The line containing "5.3×3.0 cm, B" and each line after it, through the final line of the data, are to be retyped exactly, with pictures left out.

Segment Start: Supplied information

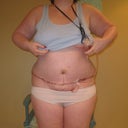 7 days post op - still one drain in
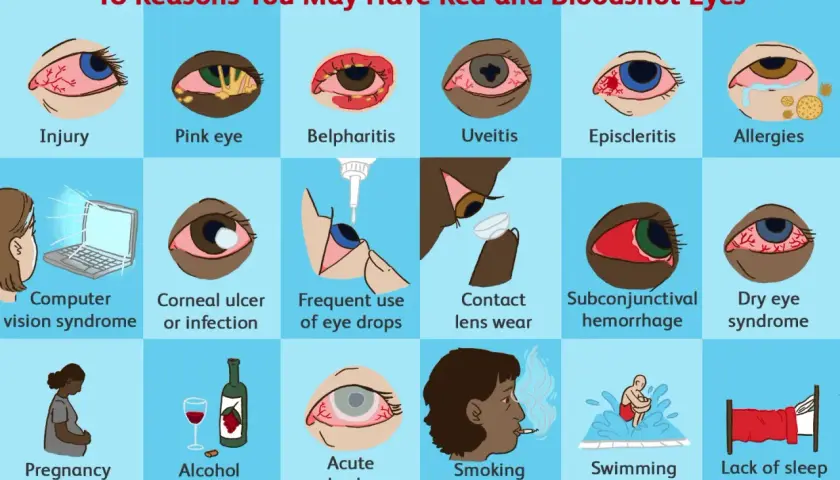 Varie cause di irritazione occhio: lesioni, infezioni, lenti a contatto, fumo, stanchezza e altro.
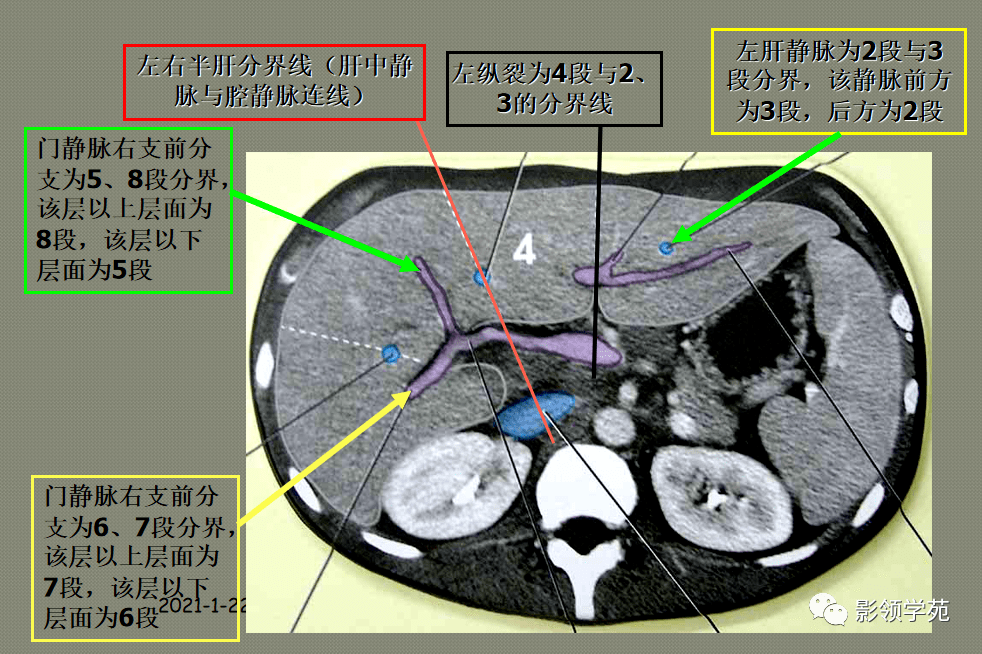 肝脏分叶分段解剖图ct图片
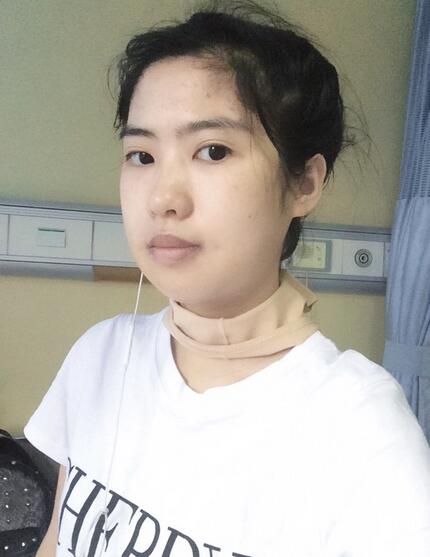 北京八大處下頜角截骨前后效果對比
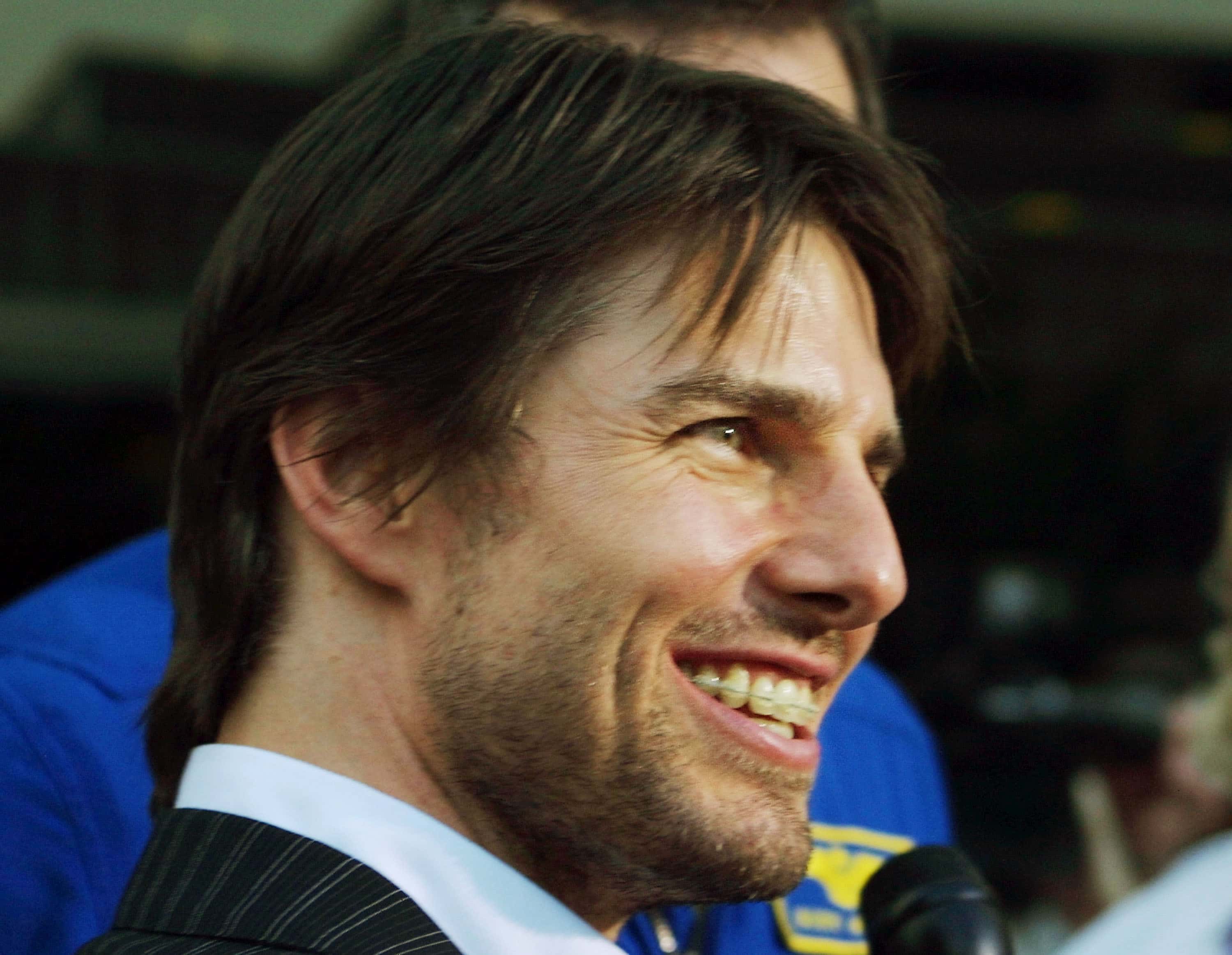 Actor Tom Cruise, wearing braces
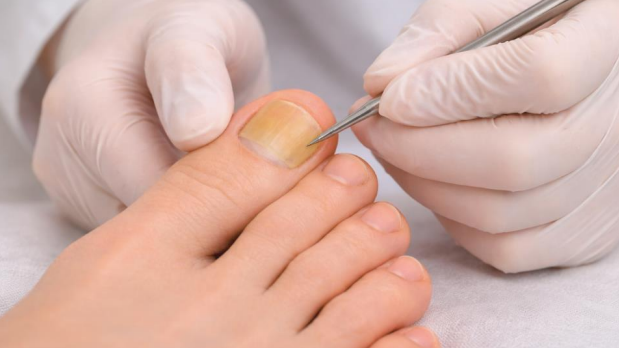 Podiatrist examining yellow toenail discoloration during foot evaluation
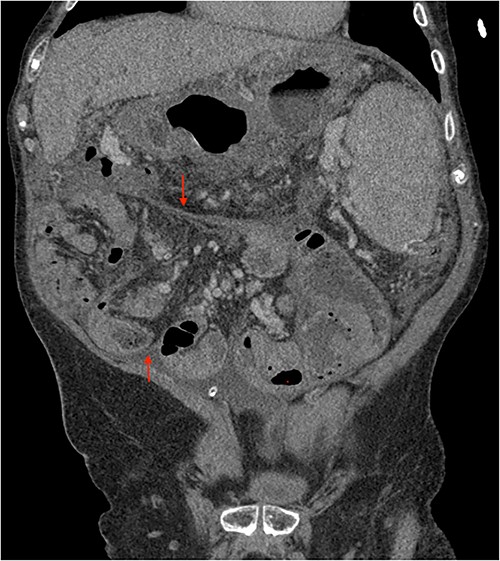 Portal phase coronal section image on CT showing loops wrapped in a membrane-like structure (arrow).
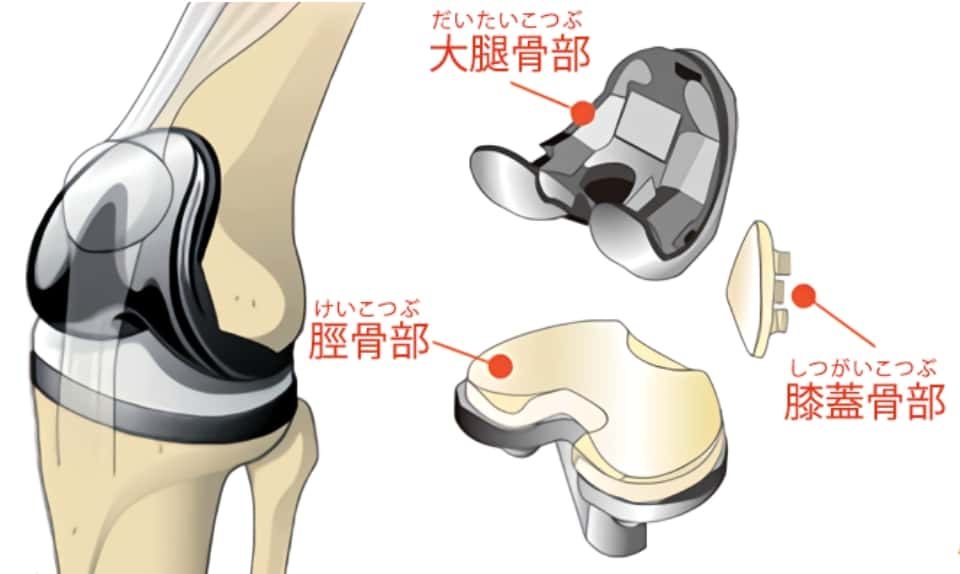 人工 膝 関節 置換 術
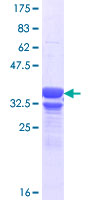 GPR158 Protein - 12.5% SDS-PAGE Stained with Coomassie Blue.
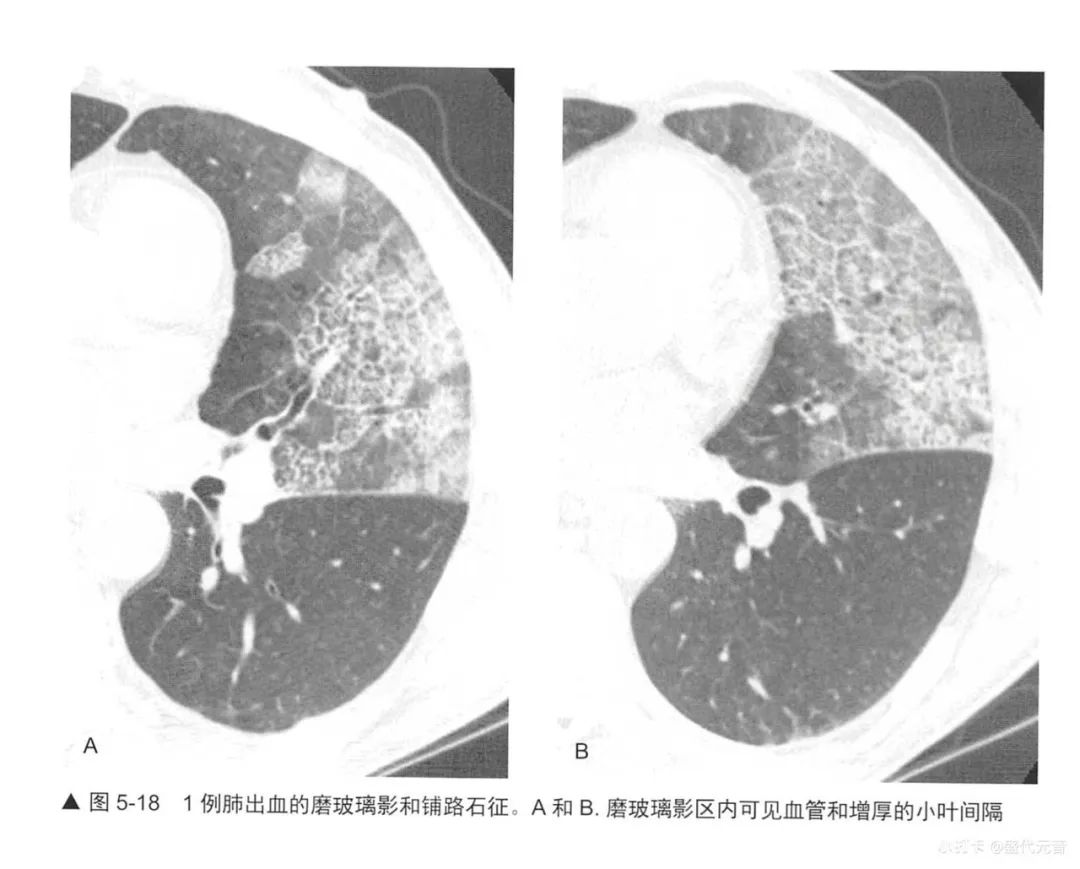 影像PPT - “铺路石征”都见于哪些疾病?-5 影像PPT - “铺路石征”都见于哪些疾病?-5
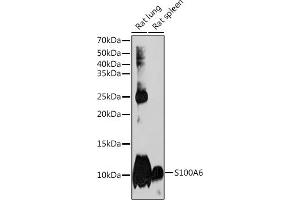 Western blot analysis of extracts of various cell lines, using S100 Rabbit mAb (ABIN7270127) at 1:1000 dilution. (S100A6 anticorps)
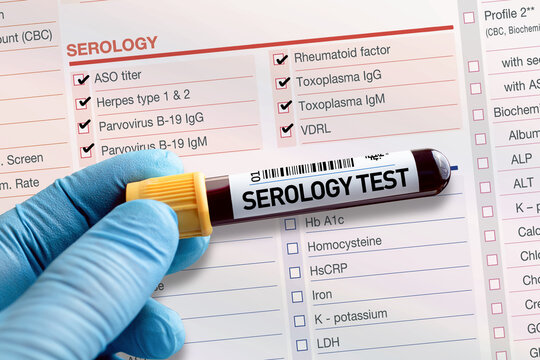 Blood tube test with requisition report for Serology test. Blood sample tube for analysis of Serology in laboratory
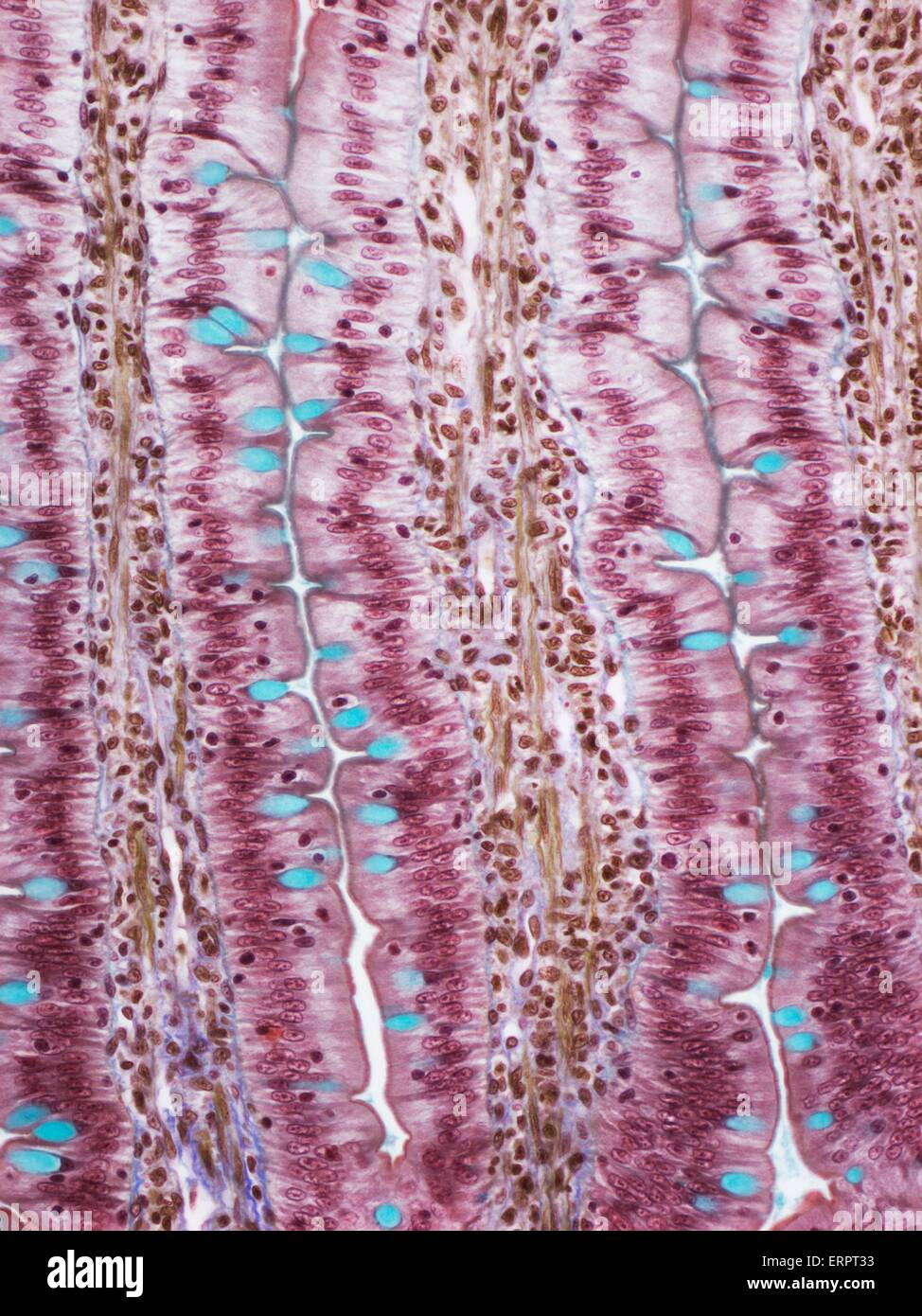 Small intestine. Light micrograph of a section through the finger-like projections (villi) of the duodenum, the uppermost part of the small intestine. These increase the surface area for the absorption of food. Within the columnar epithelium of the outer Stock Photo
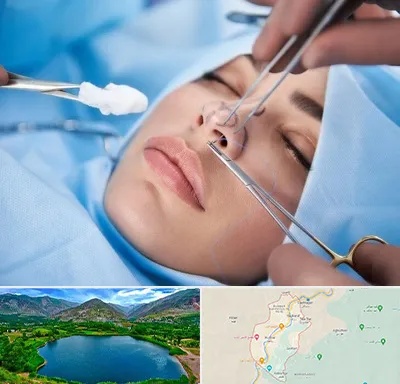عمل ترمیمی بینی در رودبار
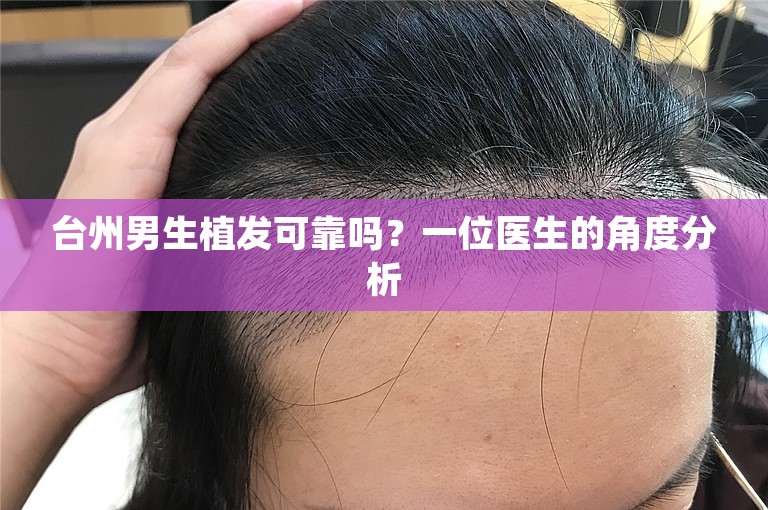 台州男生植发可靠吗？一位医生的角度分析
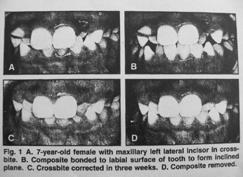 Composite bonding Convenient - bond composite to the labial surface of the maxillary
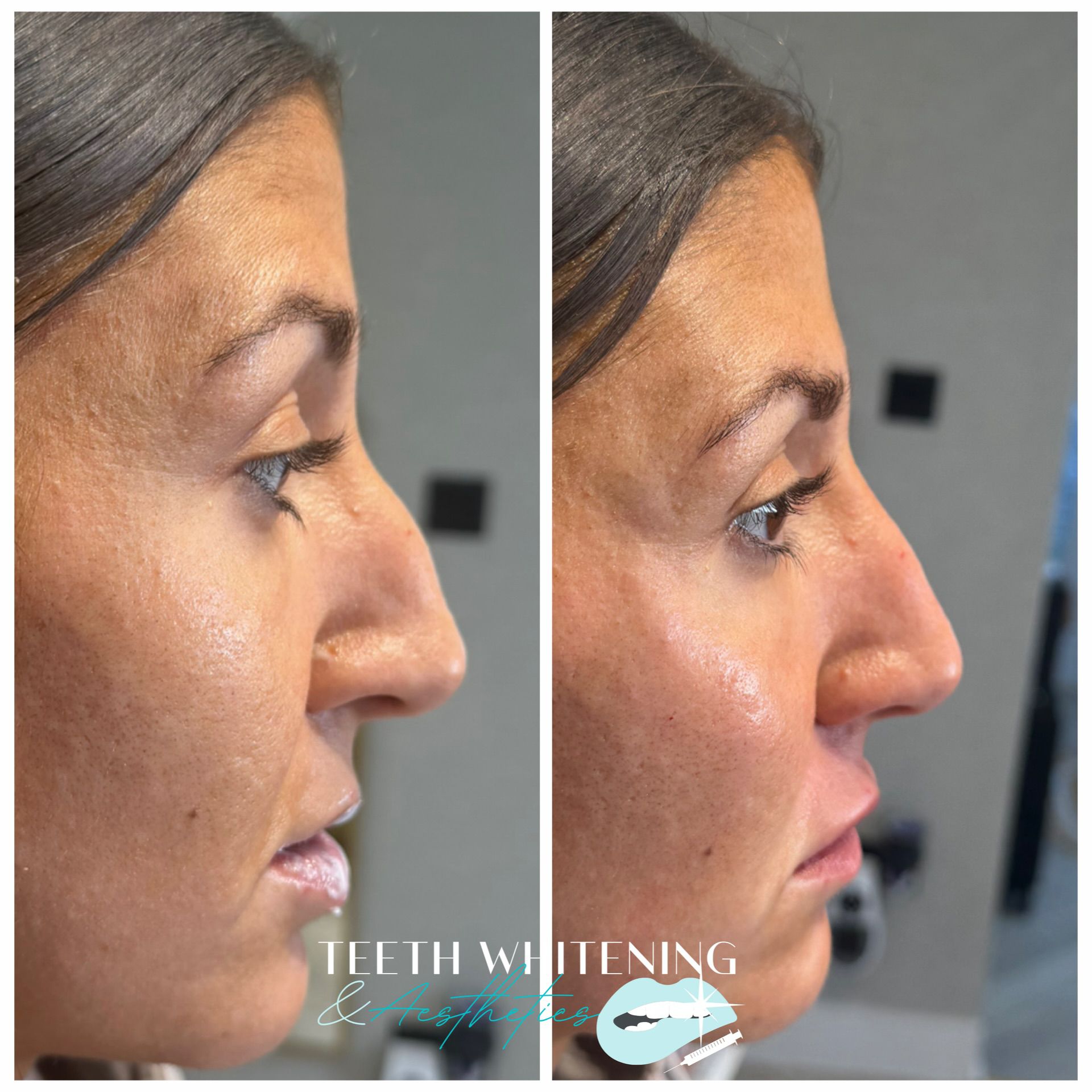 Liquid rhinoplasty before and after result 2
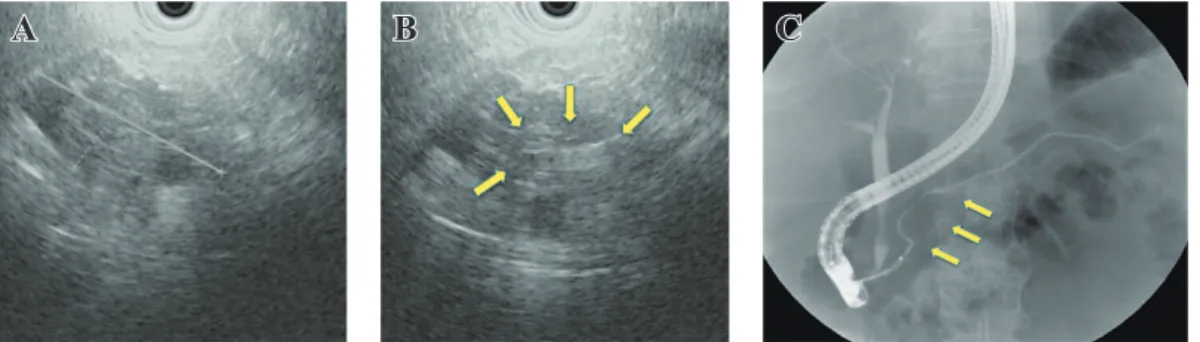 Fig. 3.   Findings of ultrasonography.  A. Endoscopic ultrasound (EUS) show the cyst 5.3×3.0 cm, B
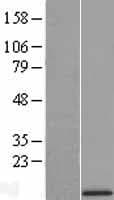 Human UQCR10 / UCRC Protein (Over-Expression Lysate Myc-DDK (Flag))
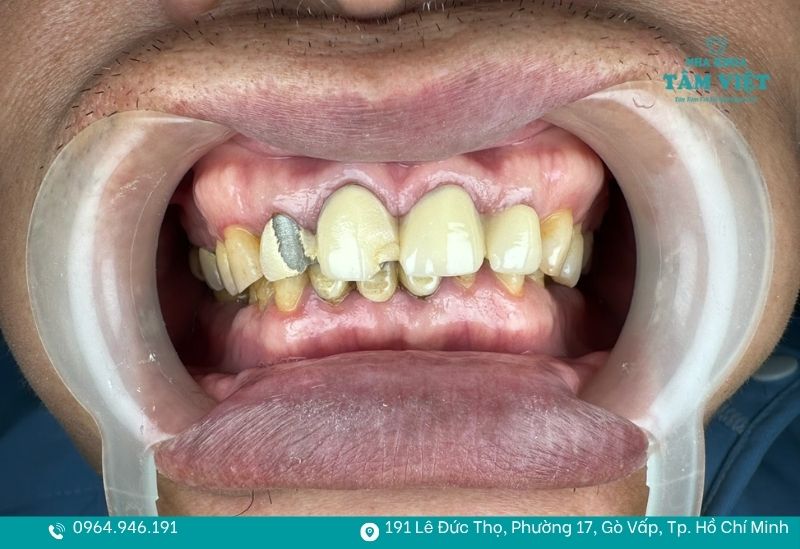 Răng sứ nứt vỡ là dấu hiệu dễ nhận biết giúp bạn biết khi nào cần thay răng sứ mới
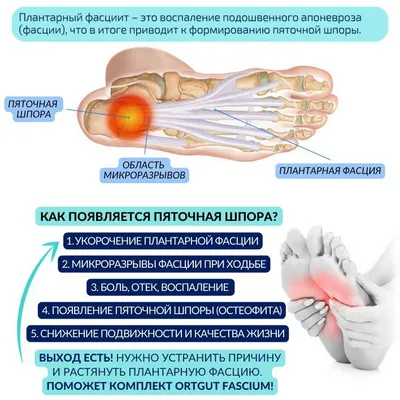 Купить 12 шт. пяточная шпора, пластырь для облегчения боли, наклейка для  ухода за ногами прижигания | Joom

Segment End: Supplied information

● Result for this task:
 Fig. 3.   Findings of ultrasonography.  A. Endoscopic ultrasound (EUS) show the cyst 5.3×3.0 cm, B
 Human UQCR10 / UCRC Protein (Over-Expression Lysate Myc-DDK (Flag))
 Răng sứ nứt vỡ là dấu hiệu dễ nhận biết giúp bạn biết khi nào cần thay răng sứ mới
 Купить 12 шт. пяточная шпора, пластырь для облегчения боли, наклейка для  ухода за ногами прижигания | Joom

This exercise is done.